The two examples illustrating this article were published in 1851 and show plans for ceramic floor designs that are entirely classically motivated. Interestingly, they were shown within a publication alongside their more easily recognised medieval styled work. Although much has been said of the 'Battle of the Styles,' the famous arrangement whereby classical derived architecture and decoration was firmly locked in a bitter and often acrimonious public debate, some would say battle to the death, with medieval derived architecture and decoration, it was perhaps not all that it might have seemed, at least to many of the companies that supplied decorative to both sides of the argument. It seems sometimes as if the posturing was a little magnified, a little over-blown and certainly fuelled by those who had most to gain or lose in the public argument. Companies such as Minton and Co could not afford to alienate customers, potential or otherwise and therefore took the pragmatic option of supplying both camps with the best decorative work they could offer.

 Illustration: Minton and Co. Ceramic floor design, 1851.
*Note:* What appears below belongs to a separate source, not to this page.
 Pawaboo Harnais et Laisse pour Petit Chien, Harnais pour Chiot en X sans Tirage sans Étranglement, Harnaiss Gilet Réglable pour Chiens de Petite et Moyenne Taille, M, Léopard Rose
It is sometimes a mistake to think that a particularly pervasive and instantly recognisable decorative style such as that of the Gothic Revival was equally all-pervasive in the market place and this can never be fully true. Although historically it makes more logical and orderly sense to place one style after another, the reality makes much less sense. Some of the debate and personal choice between classical and gothic has undoubtedly to do with perception. The classical was very much associated with the rural living aristocracy, whilst the gothic was equally associated with the new middle class and the rise of urban living. However, some of the old aristocracy took the gothic to heart and a percentage of the new middle class tried to ape their perceived betters by building in the classical. 

Either way, Minton and Co produced a couple of decorative floor designs that were probably some of the best work available during the 1850s. The colours are crisp and the decoration itself, whilst involved, is relatively quiet and contained. They are perhaps in many respects all that was expected of a classically inspired decorative interior. They may well not have been entirely correct in their exactitude and certainly during this period leeway was given to a sometimes creative approach to both the classical and medieval. However, Minton and Co were one of the better companies and had a relatively high status in both finished product and development of creative ideas.

As an interesting side issue concerning the animosity between classical and medieval inspirations, there have been a number of articles written concerning the difference in the outward projection of governments depending on whether they inhabit buildings that are classical, gothic or otherwise. Some have even suggested that Britain may well have seen its own projection slightly differently if it had had a classically inspired Houses of Parliament rather a gothic. Although this can never really be proved one way or the other it is a fascinating insight into perhaps the effect architecture and decoration can have on a nation or at least its outward projection, as well as its own self-belief.